O documento juntado após a sentença pode ser conhecido neste grau de jurisdição, ainda que apresentado intempestivamente, pois, conforme entendimento deste Tribunal: “É possível a juntada de documento em sede recursal, desde que não haja necessidade de nova análise técnica.” (TRE-RS, REl n. 0600712-46.2024.6.21.0085, Relator Desembargador Eleitoral Volnei dos Santos Coelho, DJe, 06.5.2025).

Portanto, conheço o novo documento.

Todavia, não há possibilidade de aferir a exatidão do requerimento por lhe faltar endereço eletrônico para a conferência de sua autenticidade.

De igual forma, não veio aos autos a decisão sobre o cancelamento da nota.

Ao contrário, ao acessar a consulta pública das notas fiscais eletrônicas, não há informação de que o documento fiscal tenha sido cancelado pelo órgão fazendário (https://www.nfse.gov.br/consultapublica; acesso em 23.5.2025; chave n. 43149022255351924000124000000000002424094461237810).

Ao mesmo tempo, na declaração, a empresa fornecedora reconhece que não cancelou a nota fiscal número 24 junto à autoridade tributária competente (ID 45884402, p. 4).

Quanto à tese recursal de que a nota fiscal n. 25, emitida no valor de R$ 2.000,00, teria substituído integralmente a nota fiscal 24, no valor de R$ 6.245,00, constato que não há qualquer indicativo no corpo da nota fiscal n. 25 da referida operação de substituição (ID 45884346). Além disso, conforme já consignado, não houve comprovação do cancelamento da nota anterior.

Observo igualmente que não há, no corpo das notas fiscais, a descrição detalhada dos serviços prestados, e que não é possível a comparação das datas, das quantidades, dos locais e da qualidade das atividades realizadas pela empresa em favor da candidatura.

Portanto, não houve prova suficiente do cancelamento da nota fiscal emitida em nome do candidato no valor de R$ 6.245,00, na medida em que se referem a notas fiscais com numeração distinta e registram valores distintos, inexistindo outra informação adicional no corpo dos documentos fiscais capaz de demonstrar eventual identidade dos serviços prestados.
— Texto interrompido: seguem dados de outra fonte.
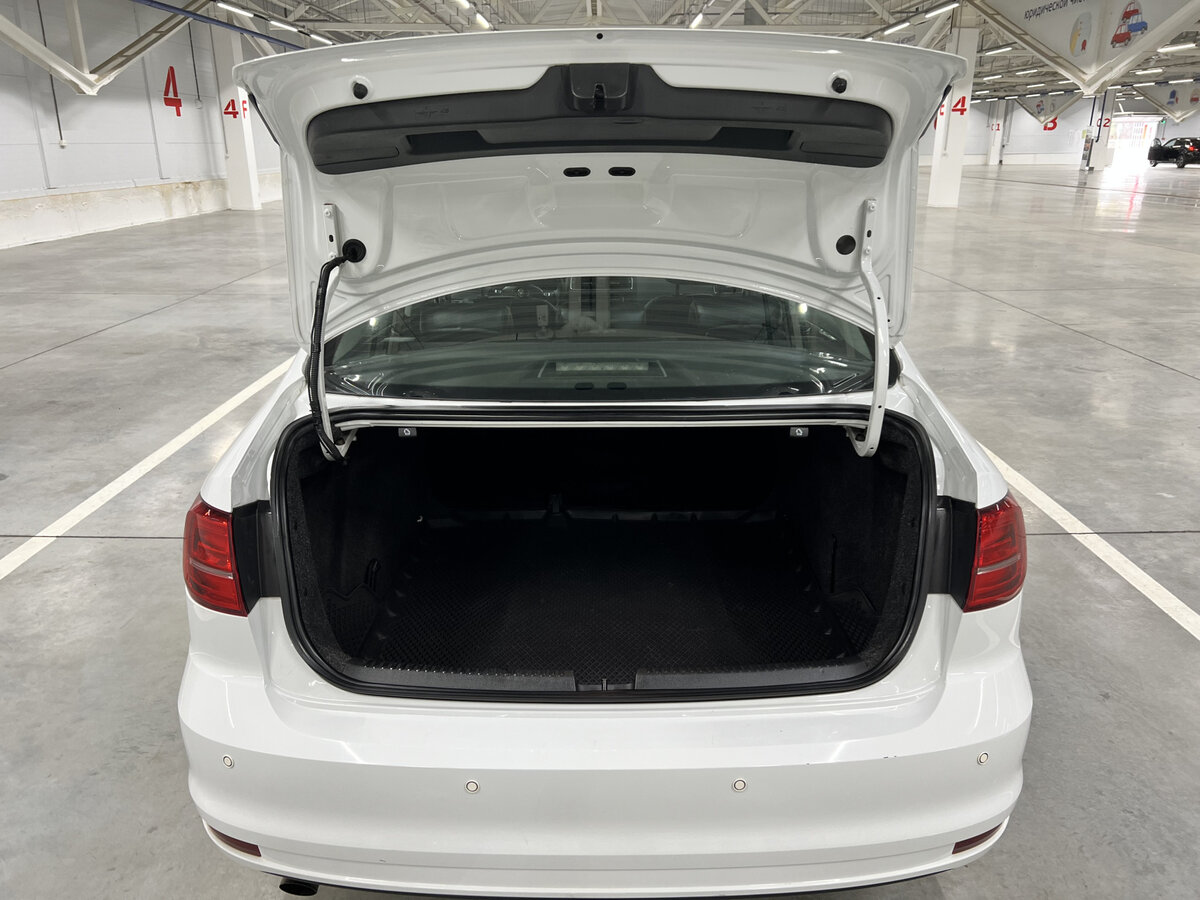 Volkswagen Jetta VI Рестайлинг, 2016 - Фото №9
Logo, não prospera a tese do recorrente de que a nota fiscal posterior, número 25, tenha sido emitida em substituição para o cancelamento da nota n. 24.

Por sua vez, a declaração unilateral da empresa fornecedora de que emitiu a nota n. 24 por equívoco não é suficiente para afastar a conclusão da irregularidade da nota.

Aliás, este Tribunal tem posicionamento consolidado de que: “A juntada de declaração unilateral da empresa fornecedora não substitui as providências para o cancelamento da nota fiscal junto ao órgão fazendário.” (TRE-RS, PCE n. 0603134-26.2022.6.21.0000, Relator Desembargador Eleitoral Caetano Cuervo Lo Pumo, DJe, 29.01.2024).

A esse respeito, uma vez emitida a nota fiscal, compete ao candidato prestador de contas a responsabilidade de comprovação da inexistência da despesa e do cancelamento da nota fiscal junto a respectiva autoridade fazendária, como exigem os arts. 59 e 92, §§ 5º e 6º, da Resolução TSE n. 23.607/19.

Nesse sentido, anoto que este Tribunal firmou o entendimento de que, havendo o registro do gasto nos órgãos fazendários, “o ônus de comprovar que a despesa eleitoral não ocorreu ou que ocorreu de forma irregular é do prestador de contas” (TRE-RS, REl n. 0603413-12.2022.6.21.0000, Relator Desembargador Eleitoral Francisco Thomaz Telles, DJe, 24.01.2025; TRE-RS, Prestação de Contas Eleitoral n. 0602944-63.2022.6.21.0000, Relatora Desembargadora Eleitoral Vanderlei Teresinha Tremeia Kubiak, publicado em sessão em 01.12.2022).

E não há, nos autos, qualquer comprovação da origem dos recursos utilizados para pagamento da nota fiscal.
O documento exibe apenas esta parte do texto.